Near Real-Time Data Warehouse
Near Real-Time Data Warehouses: A Primer
Business leaders are constantly on the lookout for ways to improve responsiveness to customers. And new technologies are helping them meet that objective. Take data warehousing technology. Because data warehouses once only operated in batch mode, typically processing updates at night, business managers could only use their information to address events after the fact. Today, near real-time data warehouse technology is available that updates the data warehouse far more frequently– in close to real time—so that users can respond to issues as they occur.
Here’s what you need to know to get started with this new technology.
A data warehouse (DW) or data mart is a database optimized for query retrieval. Extensive transformations are typically applied to get from application schema(s), which are typically normalized, to the more commonly denormalized data warehouse or data mart schema.

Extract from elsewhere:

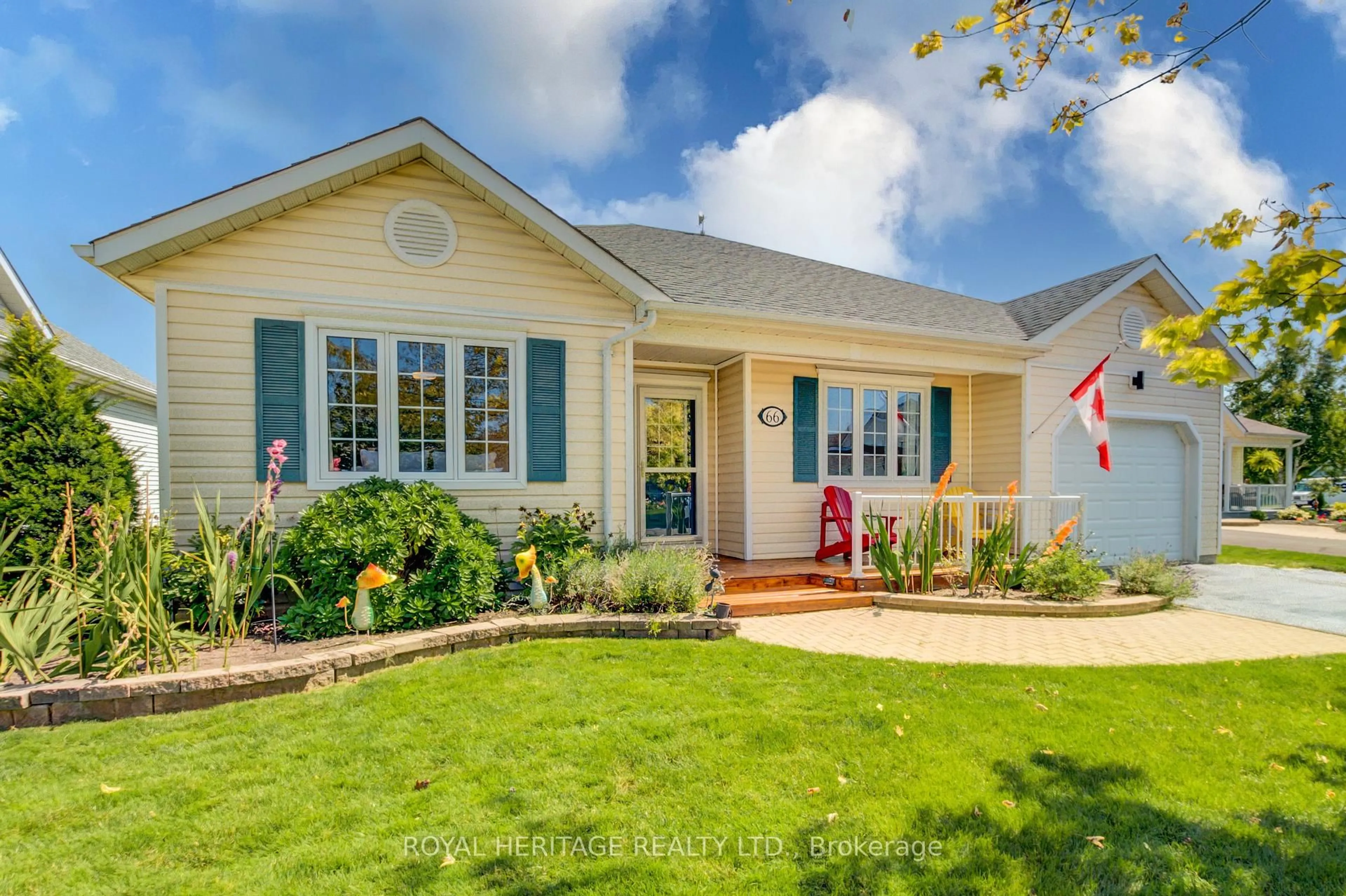 Home with vinyl exterior material, street for 66 Mills Rd, Brighton Ontario K0K 1H0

Despite the hype surrounding Hadoop, data warehouses and data marts are commonly implemented using a relational database (columnar or not) like Oracle, SQL Server, Greenplum or Teradata, or in a multi-dimensional database like SQL Server Analysis Services or Oracle Hyperion Essbase. Increasingly, data warehouses are also available in the public cloud, which makes them easier to administer and relatively inexpensive. Some vendors, like Teradata, offer hybrid solutions that run on a managed cloud, virtualized infrastructure or private cloud, and on-premises while others, such as Snowflake are cloud pure plays.

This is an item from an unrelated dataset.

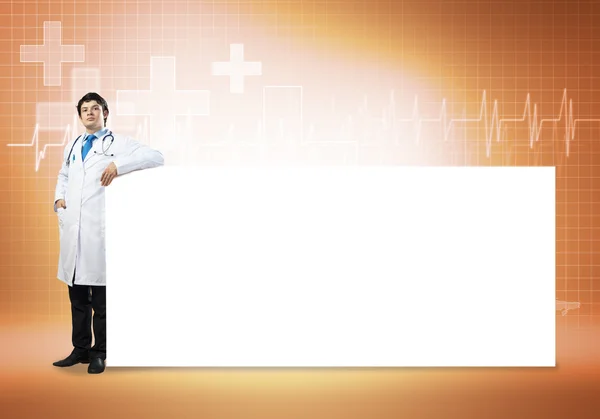 Doctor with white blank banner — Stock Photo, Image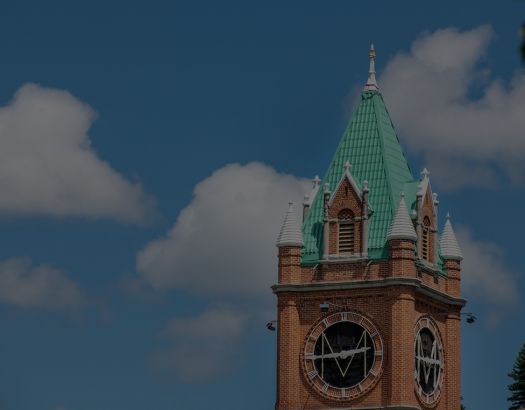 Main Hall steeple against blue sky and clouds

With the proliferation of low-cost cloud-based solutions, we expect to see more companies who are willing to re-evaluate their data warehouse architecture, and consider near real-time solutions.
From batch to near real-time
Traditionally data warehouses have been updated during a batch window, often daily (nightly), and in some cases even less frequently. The near real-time data warehouse eliminates the large batch window and updates the DW much closer to real-time. However, real-time updates are often impractical due to the nature of the transformations between the source transaction schema and the destination DW or data mart. Transformations may require (extensive) table joins and in some cases aggregations. Business users need to specify the real-time requirement, which can be different for different organizations.

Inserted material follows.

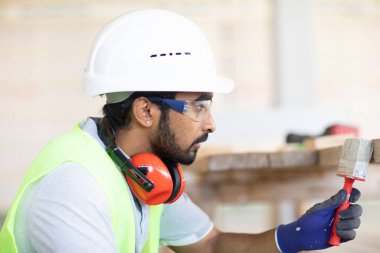 Beyaz miğferi ve güvenlik yeleği olan işçi ahşap bir ev inşa ediyor.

As more data sources are hosted in the cloud, organizations will need to ensure that their near real-time solution can accommodate both cloud and on-premises based data sources.
The near real-time data warehouse often starts with an Operational Data Store (ODS) that represents an almost exact copy of the source database schema. The operational data store is fed by a real-time data replication technology (e.g. HVR) that uses log-based change data capture on the source, and real-time data integration into the ODS. One area where the ODS may deviate from the source schema is the introduction of a logical delete column (“soft delete” in HVR), which indicates whether a row was deleted on the source database. The downstream transformation process can use this logical delete information to quickly identify deleted rows instead of performing an often expensive outer join between the table in the ODS and the data warehouse table to find out which rows are no longer in the source.
Learn about the differences between a data warehouse and a data lake.
Controlling the batch load
Most real-time data replication technologies maintain transactional consistency between source and target with a committed state on the target representing a committed state of the source. The data transformation process should take advantage of this knowledge to process a consistent set of changes into the DW or data mart. You can achieve this consistent transformation in a couple of different ways such as by:
- Introducing an extra column on every table to represent the data source’s ever-increasing commit sequence number and using this as a filter to identify what rows should be processed.
- Using a plugin during the data replication to execute the transformation process at a consistent point in time.
You can find cloud-based services that will help you perform these processes. In traditional, on-premises implementations, you’ll need a separate software installation. HVR makes it straightforward to implement both options.